### Work instructions:
Only lines containing "made" are wanted from the data below. Copy those lines.
*** Opening of Records for this task ***
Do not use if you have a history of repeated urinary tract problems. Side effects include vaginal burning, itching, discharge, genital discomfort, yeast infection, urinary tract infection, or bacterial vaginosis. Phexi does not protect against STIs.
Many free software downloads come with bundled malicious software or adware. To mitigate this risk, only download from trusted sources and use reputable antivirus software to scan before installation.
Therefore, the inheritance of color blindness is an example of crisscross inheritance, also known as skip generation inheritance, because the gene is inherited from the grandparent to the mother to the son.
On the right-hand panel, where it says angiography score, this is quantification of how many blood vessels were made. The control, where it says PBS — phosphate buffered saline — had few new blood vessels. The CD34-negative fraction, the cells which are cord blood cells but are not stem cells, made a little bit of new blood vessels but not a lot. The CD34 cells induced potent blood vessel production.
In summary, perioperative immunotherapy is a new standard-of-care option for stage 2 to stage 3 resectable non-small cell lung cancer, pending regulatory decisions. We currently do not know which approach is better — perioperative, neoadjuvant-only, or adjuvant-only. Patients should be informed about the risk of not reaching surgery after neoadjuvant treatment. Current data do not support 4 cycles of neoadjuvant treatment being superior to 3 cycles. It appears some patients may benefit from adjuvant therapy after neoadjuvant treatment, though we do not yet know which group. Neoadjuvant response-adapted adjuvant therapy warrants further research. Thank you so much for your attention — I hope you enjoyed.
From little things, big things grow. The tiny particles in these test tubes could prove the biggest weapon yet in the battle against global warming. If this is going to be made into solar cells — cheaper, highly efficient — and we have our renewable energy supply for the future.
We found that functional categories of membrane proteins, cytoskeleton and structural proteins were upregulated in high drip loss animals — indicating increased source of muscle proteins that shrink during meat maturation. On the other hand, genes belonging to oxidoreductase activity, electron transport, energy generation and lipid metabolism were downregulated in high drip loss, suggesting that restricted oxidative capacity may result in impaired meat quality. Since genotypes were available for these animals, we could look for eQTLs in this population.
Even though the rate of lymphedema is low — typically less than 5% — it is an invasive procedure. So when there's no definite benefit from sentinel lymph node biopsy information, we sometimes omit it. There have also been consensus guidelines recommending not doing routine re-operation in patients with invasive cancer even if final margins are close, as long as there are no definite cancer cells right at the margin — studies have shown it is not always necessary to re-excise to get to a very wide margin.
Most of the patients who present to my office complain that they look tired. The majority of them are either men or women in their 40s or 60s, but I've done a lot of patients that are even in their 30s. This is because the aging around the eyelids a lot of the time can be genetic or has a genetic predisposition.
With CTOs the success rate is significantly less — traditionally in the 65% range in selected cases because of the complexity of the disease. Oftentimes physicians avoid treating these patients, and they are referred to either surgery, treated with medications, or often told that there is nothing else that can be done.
*** Close of Records for this task ***
### Expected output:
On the right-hand panel, where it says angiography score, this is quantification of how many blood vessels were made. The control, where it says PBS — phosphate buffered saline — had few new blood vessels. The CD34-negative fraction, the cells which are cord blood cells but are not stem cells, made a little bit of new blood vessels but not a lot. The CD34 cells induced potent blood vessel production.
From little things, big things grow. The tiny particles in these test tubes could prove the biggest weapon yet in the battle against global warming. If this is going to be made into solar cells — cheaper, highly efficient — and we have our renewable energy supply for the future.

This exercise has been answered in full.